Protected area in Peru

Junín National Reserve is a protected area located in the region of Junín, Peru. One of its main purposes is to protect the ecosystem and biodiversity of Lake Junín and the surrounding Central Andean wet puna.

== Ecology ==

=== Flora ===
Land native plant species found in the reserve include: Plantago rigida, Calamagrostis vicunarum, Paranephelius ovatus, Lobelia oligophylla, Baccharis tricuneata, Jarava ichu, Alchemilla pinnata, Festuca dolychophylla, Chuquiraga spinosa, Geranium sessiliflorum, Distichia muscoides, Ribes cuneifolium, Azorella diapensioides, Austrocylindropuntia floccosa, Lupinus brachyphyllus, etc.

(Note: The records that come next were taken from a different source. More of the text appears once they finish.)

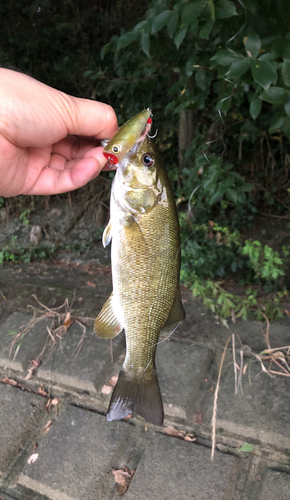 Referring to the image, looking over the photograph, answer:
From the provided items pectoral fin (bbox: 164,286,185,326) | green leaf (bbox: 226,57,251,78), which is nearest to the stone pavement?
pectoral fin (bbox: 164,286,185,326)

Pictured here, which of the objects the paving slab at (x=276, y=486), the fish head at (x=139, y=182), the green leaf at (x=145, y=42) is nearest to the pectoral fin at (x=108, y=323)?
the fish head at (x=139, y=182)

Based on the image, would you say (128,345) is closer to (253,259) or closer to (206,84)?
(253,259)

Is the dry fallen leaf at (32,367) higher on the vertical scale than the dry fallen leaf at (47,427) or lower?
lower

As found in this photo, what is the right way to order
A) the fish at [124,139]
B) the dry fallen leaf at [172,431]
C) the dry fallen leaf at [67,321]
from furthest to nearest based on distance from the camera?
the dry fallen leaf at [67,321], the dry fallen leaf at [172,431], the fish at [124,139]

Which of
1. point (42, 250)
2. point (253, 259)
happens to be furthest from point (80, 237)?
point (253, 259)

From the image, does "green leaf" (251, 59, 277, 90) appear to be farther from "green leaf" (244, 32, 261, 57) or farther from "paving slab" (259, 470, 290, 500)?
"paving slab" (259, 470, 290, 500)

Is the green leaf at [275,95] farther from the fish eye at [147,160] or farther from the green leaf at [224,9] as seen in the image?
the fish eye at [147,160] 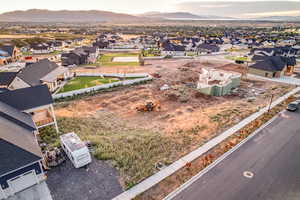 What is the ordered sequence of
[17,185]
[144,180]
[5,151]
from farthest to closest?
1. [144,180]
2. [17,185]
3. [5,151]

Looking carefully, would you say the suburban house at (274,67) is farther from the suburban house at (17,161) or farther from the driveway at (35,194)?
the driveway at (35,194)

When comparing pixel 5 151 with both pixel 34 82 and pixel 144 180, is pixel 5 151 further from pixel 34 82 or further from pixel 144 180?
pixel 34 82

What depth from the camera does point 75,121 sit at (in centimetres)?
2291

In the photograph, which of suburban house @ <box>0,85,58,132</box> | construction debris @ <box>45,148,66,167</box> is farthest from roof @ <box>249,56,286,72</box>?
construction debris @ <box>45,148,66,167</box>

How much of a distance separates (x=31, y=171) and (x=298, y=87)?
1717 inches

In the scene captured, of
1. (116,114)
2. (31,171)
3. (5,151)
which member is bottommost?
(116,114)

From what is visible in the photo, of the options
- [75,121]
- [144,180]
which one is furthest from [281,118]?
[75,121]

Aquatic native plant species found in the reserve include: Schoenoplectus californicus, Elodea potamogeton, Juncus arcticus, Myriophyllum quitense, Chara fragilis, Potamogeton spp., etc.

=== Fauna ===
Some of the birds found in the reserve include: the Junin grebe, the Junin crake (both species endemic to this lake); the Puna teal, the common gallinule, the Andean goose, the Chilean flamingo, the ruddy duck, the yellow-billed pintail, the silvery grebe, the Andean gull, etc.

Among the mammals found in the reserve are: the Andean fox, the northern viscacha, the Molina's hog-nosed skunk, the montane guinea pig, the Pampas cat, the long-tailed weasel, etc.